Named a "100 Top Creative" by Origin Magazine, a World Technology Network award finalist in Arts, Entertainment, and Education, and a Grammy voting member, Williams explores the nexus of art and science through collaborations as diverse as astronaut Koichi Wakata orbiting live aboard the International Space Station, multimedia artist Paul Miller, Ballet Philippines, and institutions such as NASA, UNEP, UNESCO.
Williams has earned international film awards from Sundance, Lumen Prize, Canadian Society of Cinematographers, Science Media Awards, Best Soundtrack Composition at Macau International Fulldome Film Festival, People's Choice Award Fiske Fulldome Film Festival, and has garnered media exposure from the Washington Post, Village Voice, BBC, NPR, PBS, USA Today, Huffington Post. Williams tours around the world, at performing arts theaters, museums, and conferences such as, TEDx, Aspen Institute, Smithsonian, Guggenheim Museum, Strathmore, Marin Civic Center, Winspear Opera House, UNESCO, and the U.S. Dep State.
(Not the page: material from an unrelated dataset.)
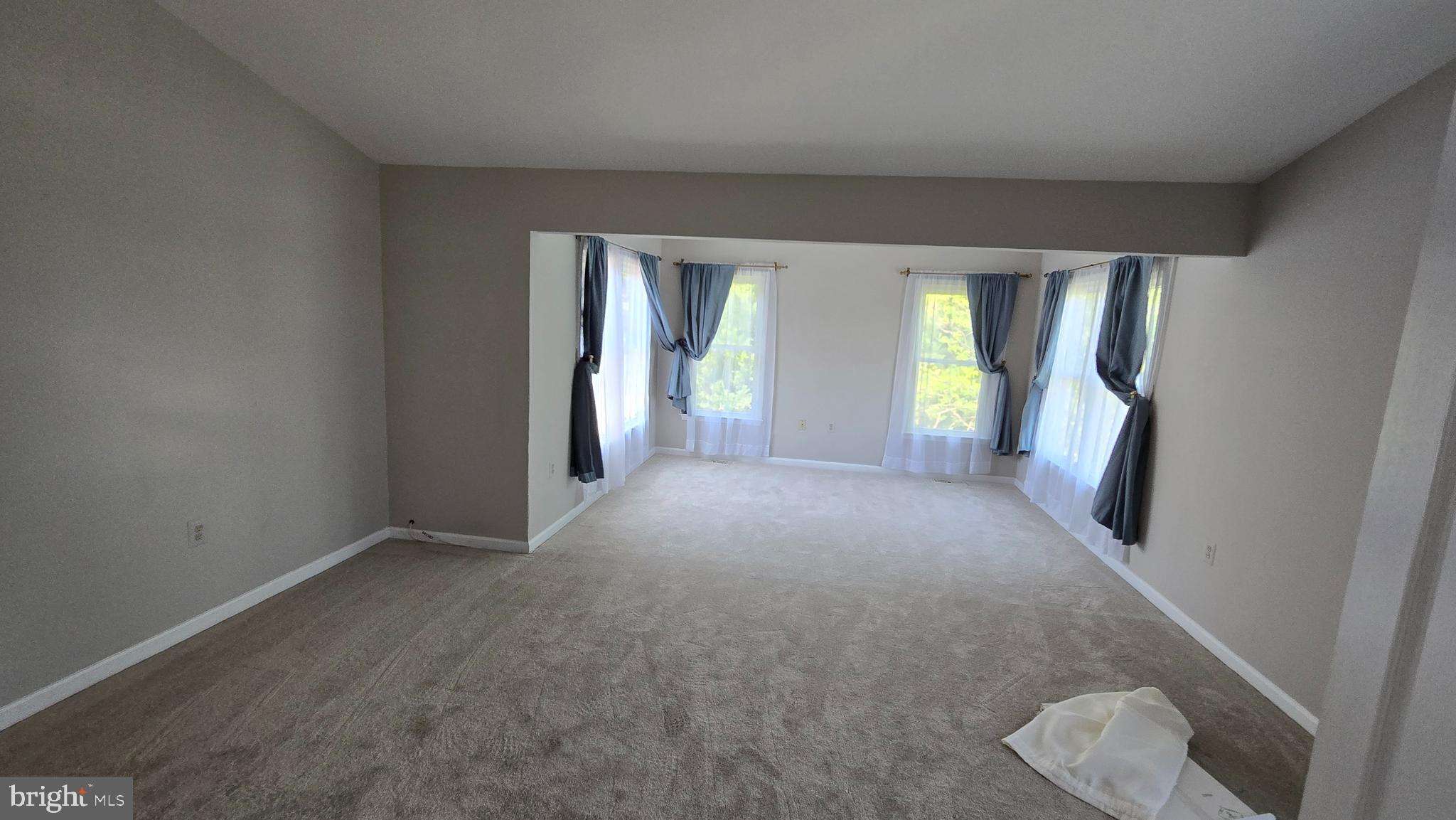 POTOMAC LAKES - Residential Lease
LaJuné is a New Media Artist, and Creative Technologist creating art that integrates Performance, Virtual Reality, and Physical Computing to question our current forms of communication.
LaJuné has had the opportunity to show and speak about their work at Pioneer Works, National Sawdust, Leaders in Software and Art, Creative Tech Week, and Art && Code's Weird Reality. They were the Character Animator for NeuroSpeculativeAfrofeminism which premiered at Sundance in 2017, and toured at various festivals and conferences.
LaJuné was previously the Director of Skating at Figure Skating in Harlem, where they integrated STEAM and Figure Skating to teach girls of color about movement and technology. They continue their research on Blackness, Movement, and Technology during Eyebeam's Access Residency, which started in November 2018. At Barnard LaJuné will teach: an introduction to Motion Capture, rigging and Modeling tool, learn how to import characters with animation to enhance Virtual environments, and discuss and brainstorm ways to integrate motion capture and extended reality into performance.